§ **Supplied material**:
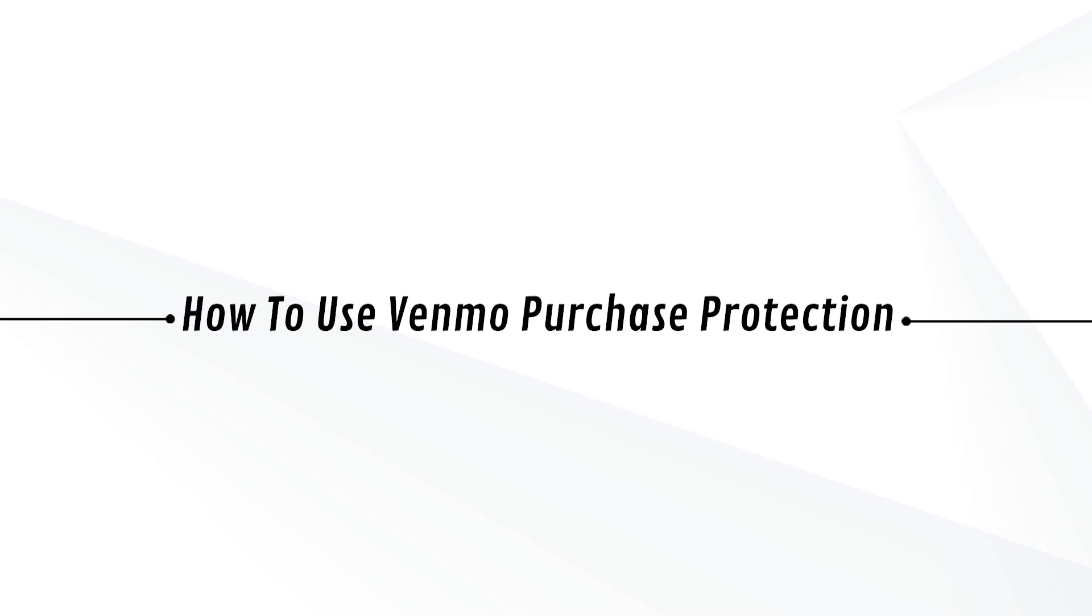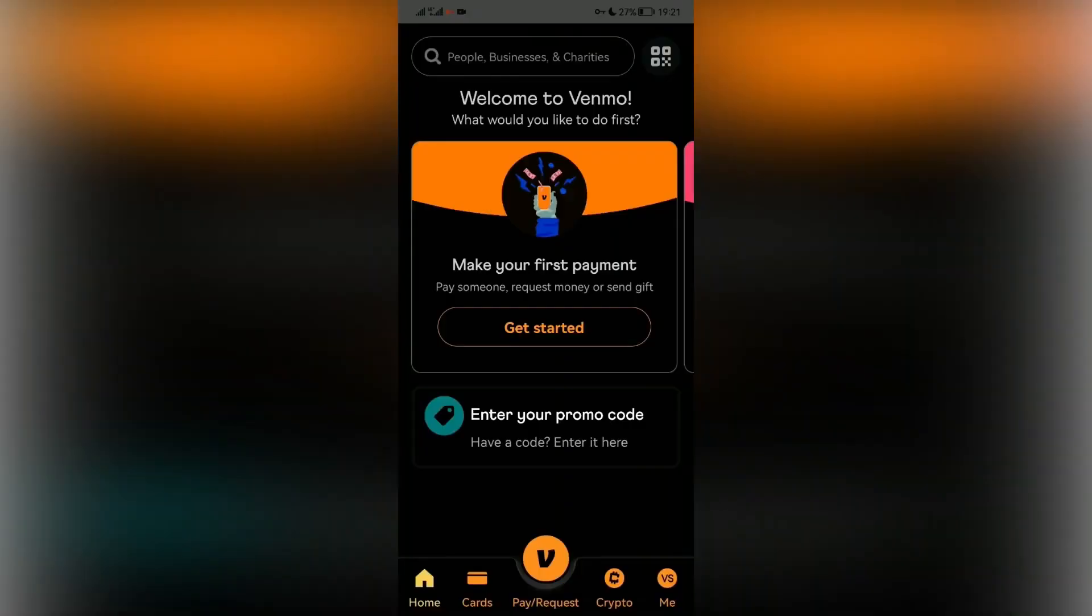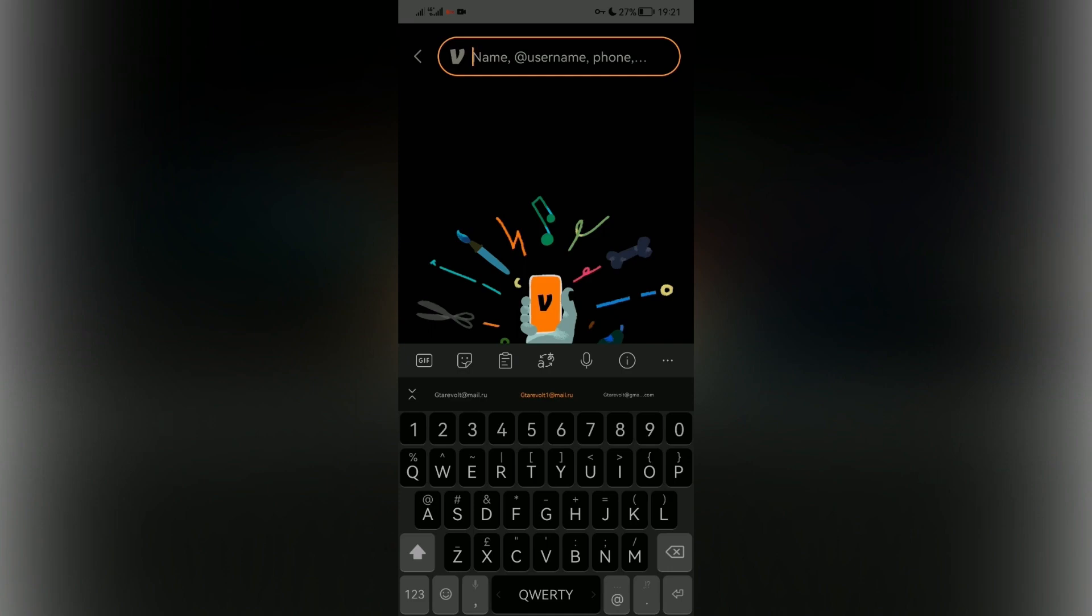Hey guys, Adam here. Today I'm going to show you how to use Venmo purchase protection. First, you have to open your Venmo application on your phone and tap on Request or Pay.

* * *

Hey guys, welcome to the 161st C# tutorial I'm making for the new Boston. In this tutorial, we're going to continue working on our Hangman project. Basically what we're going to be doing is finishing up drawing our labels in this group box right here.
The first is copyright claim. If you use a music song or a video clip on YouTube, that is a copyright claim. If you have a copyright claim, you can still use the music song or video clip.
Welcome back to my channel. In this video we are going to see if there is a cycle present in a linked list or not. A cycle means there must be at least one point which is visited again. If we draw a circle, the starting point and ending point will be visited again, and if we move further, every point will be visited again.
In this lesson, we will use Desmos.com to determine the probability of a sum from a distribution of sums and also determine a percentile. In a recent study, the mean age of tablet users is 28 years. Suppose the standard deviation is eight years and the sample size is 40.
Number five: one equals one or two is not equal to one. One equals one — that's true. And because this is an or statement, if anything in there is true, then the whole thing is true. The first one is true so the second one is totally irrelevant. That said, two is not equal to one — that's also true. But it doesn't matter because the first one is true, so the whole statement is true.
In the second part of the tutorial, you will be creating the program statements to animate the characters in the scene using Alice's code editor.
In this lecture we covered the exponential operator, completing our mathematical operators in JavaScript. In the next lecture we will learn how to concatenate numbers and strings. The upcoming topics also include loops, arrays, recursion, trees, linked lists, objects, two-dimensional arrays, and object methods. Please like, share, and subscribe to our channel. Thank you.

§ **Task description**:
Reproduce every line in the data that has the word "tutorial" in it.

§ **Your solution**:
Hey guys, welcome to the 161st C# tutorial I'm making for the new Boston. In this tutorial, we're going to continue working on our Hangman project. Basically what we're going to be doing is finishing up drawing our labels in this group box right here.
In the second part of the tutorial, you will be creating the program statements to animate the characters in the scene using Alice's code editor.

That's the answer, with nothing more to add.